*ACTIVITY*
How many lines in the material below include the string "Hotel"? Only the number should be given.

*MATERIAL FOR THIS EXERCISE*
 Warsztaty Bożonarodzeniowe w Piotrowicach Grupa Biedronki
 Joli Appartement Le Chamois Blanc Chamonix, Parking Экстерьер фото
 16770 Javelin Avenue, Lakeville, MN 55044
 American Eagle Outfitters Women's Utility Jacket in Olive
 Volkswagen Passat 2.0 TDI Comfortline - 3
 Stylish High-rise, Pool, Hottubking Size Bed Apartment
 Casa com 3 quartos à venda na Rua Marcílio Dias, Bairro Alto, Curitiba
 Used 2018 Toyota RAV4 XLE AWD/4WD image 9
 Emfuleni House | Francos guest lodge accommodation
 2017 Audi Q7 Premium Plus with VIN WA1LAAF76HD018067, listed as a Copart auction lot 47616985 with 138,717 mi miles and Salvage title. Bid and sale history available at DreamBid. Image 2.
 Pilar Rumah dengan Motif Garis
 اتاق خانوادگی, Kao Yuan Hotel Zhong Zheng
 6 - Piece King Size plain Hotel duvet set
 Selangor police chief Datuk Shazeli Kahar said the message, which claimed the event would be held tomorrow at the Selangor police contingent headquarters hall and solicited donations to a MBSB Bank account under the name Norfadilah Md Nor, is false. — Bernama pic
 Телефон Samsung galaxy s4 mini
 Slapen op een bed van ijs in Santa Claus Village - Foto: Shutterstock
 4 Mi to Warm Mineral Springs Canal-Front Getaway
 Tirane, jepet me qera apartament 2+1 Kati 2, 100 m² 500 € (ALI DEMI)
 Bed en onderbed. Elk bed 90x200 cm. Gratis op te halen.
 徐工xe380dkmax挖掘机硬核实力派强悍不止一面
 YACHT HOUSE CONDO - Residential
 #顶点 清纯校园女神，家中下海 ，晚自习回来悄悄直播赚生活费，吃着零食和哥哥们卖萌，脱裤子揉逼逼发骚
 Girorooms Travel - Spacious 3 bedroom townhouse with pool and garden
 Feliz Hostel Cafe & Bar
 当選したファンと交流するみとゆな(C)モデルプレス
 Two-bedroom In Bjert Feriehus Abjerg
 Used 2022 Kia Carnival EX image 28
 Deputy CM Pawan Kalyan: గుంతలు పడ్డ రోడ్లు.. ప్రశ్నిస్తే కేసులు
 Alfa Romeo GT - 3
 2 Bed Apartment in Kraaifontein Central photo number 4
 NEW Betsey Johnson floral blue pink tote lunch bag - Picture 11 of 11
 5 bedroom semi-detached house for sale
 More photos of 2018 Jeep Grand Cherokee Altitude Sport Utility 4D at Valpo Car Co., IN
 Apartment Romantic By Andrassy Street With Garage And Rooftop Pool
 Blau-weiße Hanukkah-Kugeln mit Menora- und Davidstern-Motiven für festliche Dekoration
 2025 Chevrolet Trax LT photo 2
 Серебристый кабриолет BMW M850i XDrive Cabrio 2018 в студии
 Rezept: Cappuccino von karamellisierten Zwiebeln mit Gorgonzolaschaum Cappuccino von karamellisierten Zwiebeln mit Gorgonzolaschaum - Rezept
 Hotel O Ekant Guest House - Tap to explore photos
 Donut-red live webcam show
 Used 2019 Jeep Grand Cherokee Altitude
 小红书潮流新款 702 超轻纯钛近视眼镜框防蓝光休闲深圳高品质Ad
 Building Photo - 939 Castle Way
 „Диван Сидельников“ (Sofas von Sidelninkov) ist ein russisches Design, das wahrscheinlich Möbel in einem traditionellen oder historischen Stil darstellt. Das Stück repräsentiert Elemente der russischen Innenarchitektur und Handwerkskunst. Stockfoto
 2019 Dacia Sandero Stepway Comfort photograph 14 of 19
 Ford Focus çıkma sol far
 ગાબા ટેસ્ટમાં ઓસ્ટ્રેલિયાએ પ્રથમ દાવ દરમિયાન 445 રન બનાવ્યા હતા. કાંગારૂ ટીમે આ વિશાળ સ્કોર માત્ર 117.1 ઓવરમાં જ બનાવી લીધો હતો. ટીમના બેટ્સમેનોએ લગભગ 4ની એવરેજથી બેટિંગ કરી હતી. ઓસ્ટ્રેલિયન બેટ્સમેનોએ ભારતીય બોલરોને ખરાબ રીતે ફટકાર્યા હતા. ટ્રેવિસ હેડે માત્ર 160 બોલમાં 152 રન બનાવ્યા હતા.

*EXERCISE RESULT*
3